マクロモードで撮った写真。センサーが進化していることもあり、超広角カメラでもシャープでノイズの少ない写真が撮れる。料理撮影のように、手元のものを写す際に便利だ
上の2枚と同じ被写体を広角カメラで撮った写真。色味や明るさなどはほぼ変わらないが、センサーサイズが大きく、レンズが明るいこともあり、ピントが部分的にしか当たっていない
加えて、夜景撮影時にも超広角カメラが使いやすくなった。以下は渋谷の夜景を通常モードと夜景モード、それぞれで撮った写真だが、ビル明かりやネオン程度の光量があれば、通常モードで十分なクオリティの写真に仕上がる。HDRがしっかり効いており、黒潰れや白飛びも少ない。夜空のノイズ感の少なさも優秀で、夜景に強いPixelの面目躍如と言えるだろう。広角カメラだけでなく、利用頻度の高い超広角カメラに改善が施されたのは、ハードウエアとしての大きな進化と言えそうだ。

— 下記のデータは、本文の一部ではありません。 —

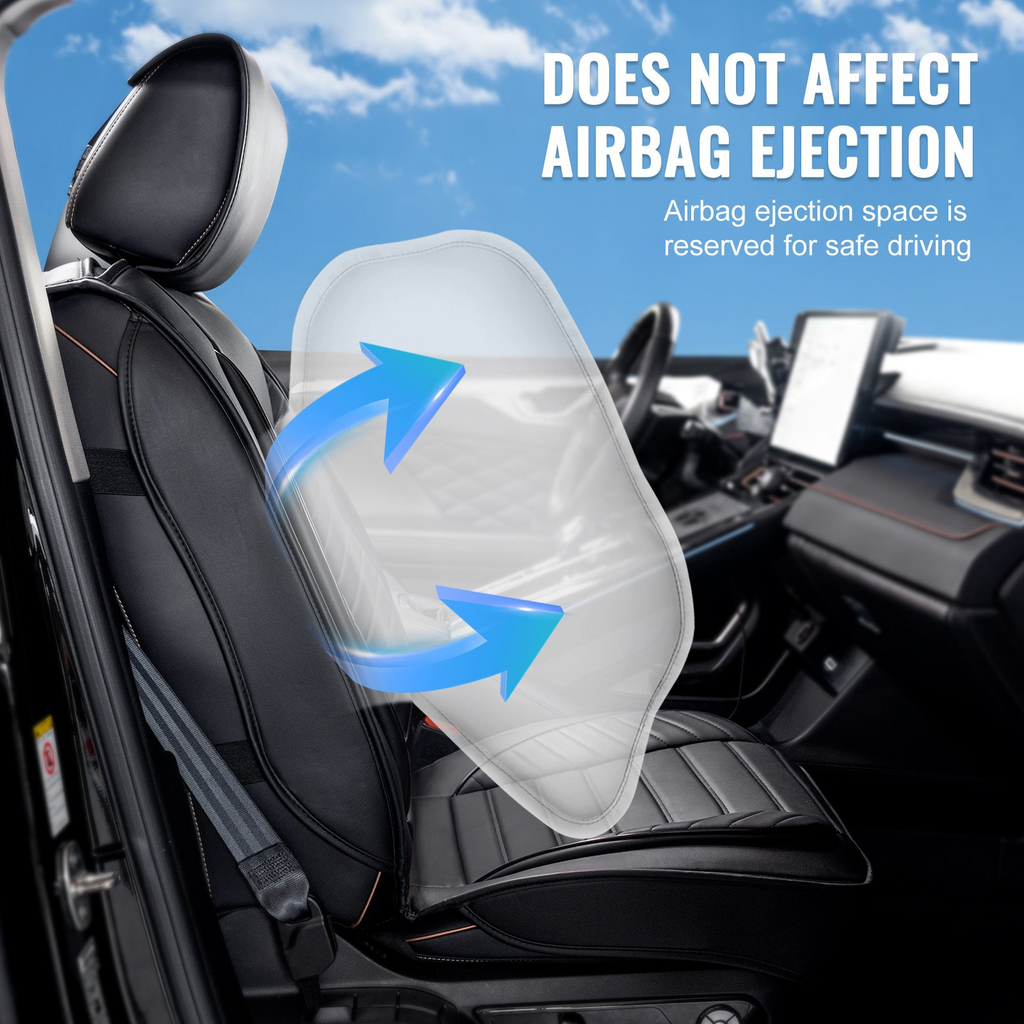 Fundas de asiento VEVOR juego completo de fundas universales para asientos de coche
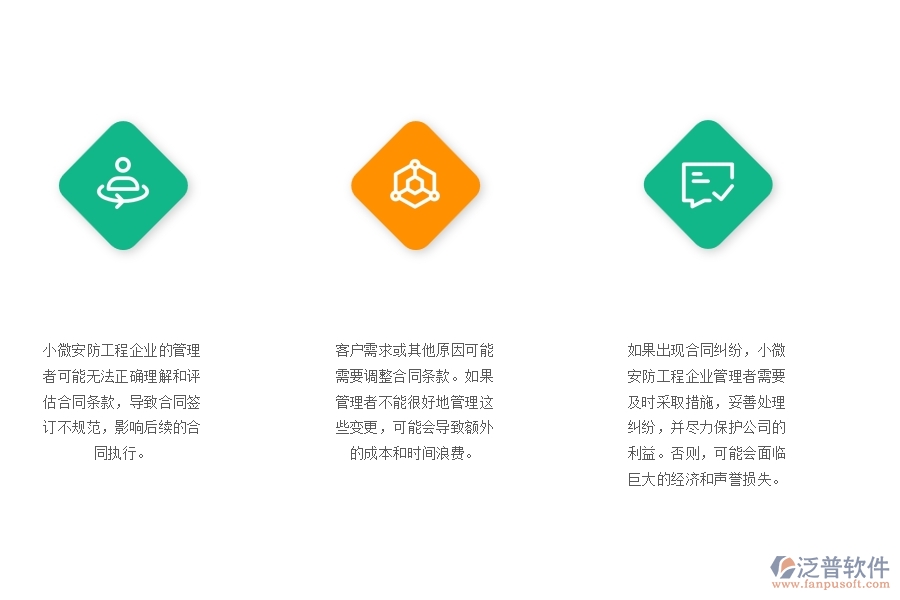 一、小微安防工程企業(yè)管理者在收入合同管理存在的問(wèn)題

超広角カメラで撮った渋谷の夜景。夜景モードは使っていないが、ノイズ感が少なく、HDRもしっかり効いている
もっとも、これはPixel 8 Proの話。Pixel 8に関しては、先に述べたとおり、超広角カメラは12メガピクセルのまま。望遠カメラにも対応していないため、超解像ズームでは8倍までしか被写体に寄ることができない。ただし、30倍となると、上記のように、交差点の反対側にかかった横断幕の一部にまでズームできてしまう。日常的に、ここまでの倍率を使うかというとそうではないだろう。用途も限られるため、8倍ズームである程度のクオリティが保たれているPixel 8で十分という見方もできる。